[[ RECORD EXTRACTS open ]]
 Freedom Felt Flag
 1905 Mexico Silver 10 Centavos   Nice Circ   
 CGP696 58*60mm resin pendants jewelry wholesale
[[ RECORD EXTRACTS closed ]]
[[ RECORD EXTRACTS open ]]
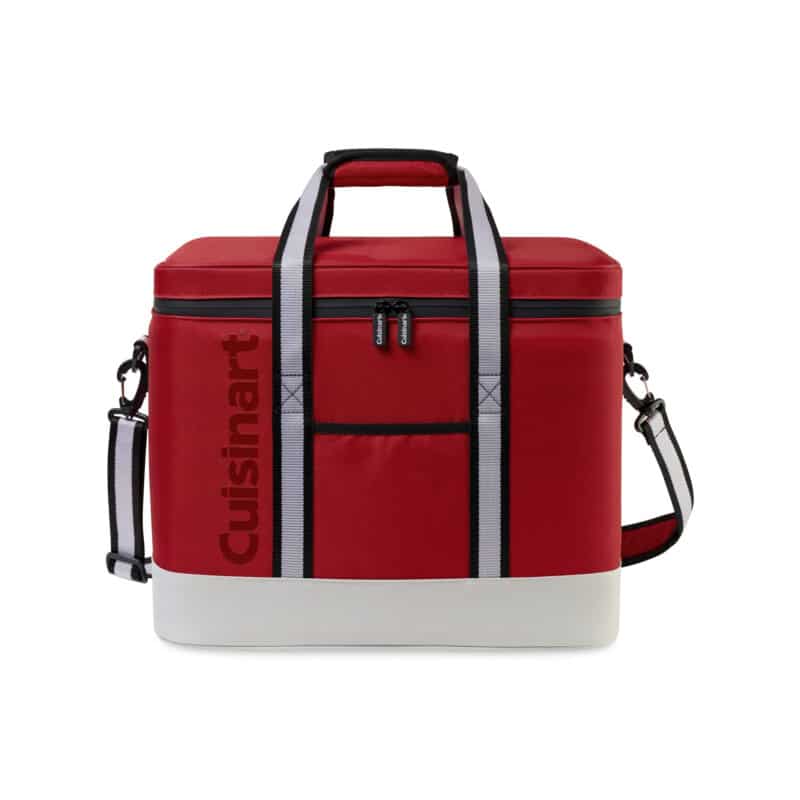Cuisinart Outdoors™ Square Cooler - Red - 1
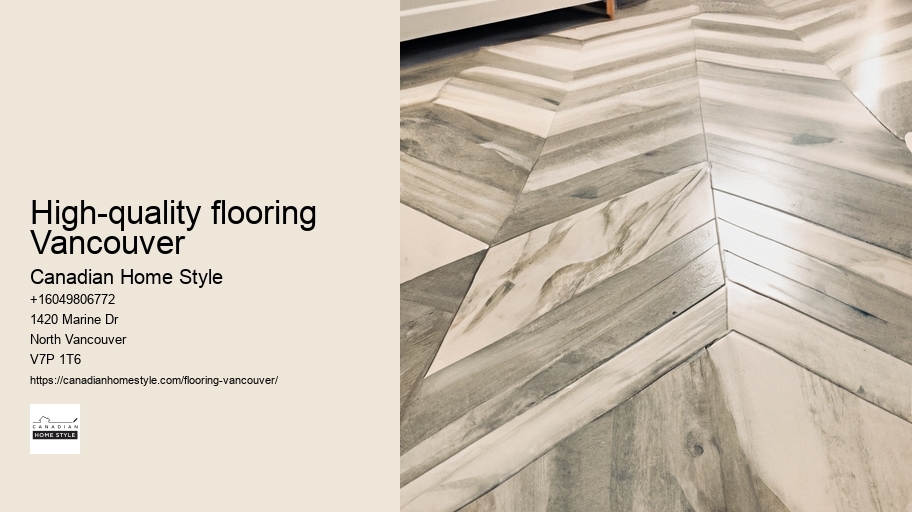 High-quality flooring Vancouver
[[ RECORD EXTRACTS closed ]]
TASK DETAILS
Of the entries above, transcribe exactly those lines that fall between the line containing "Freedom Felt Flag" and the line containing "CGP696 58*60mm resin", together with those two lines.

SOLUTION
 Freedom Felt Flag
 1905 Mexico Silver 10 Centavos   Nice Circ   
 CGP696 58*60mm resin pendants jewelry wholesale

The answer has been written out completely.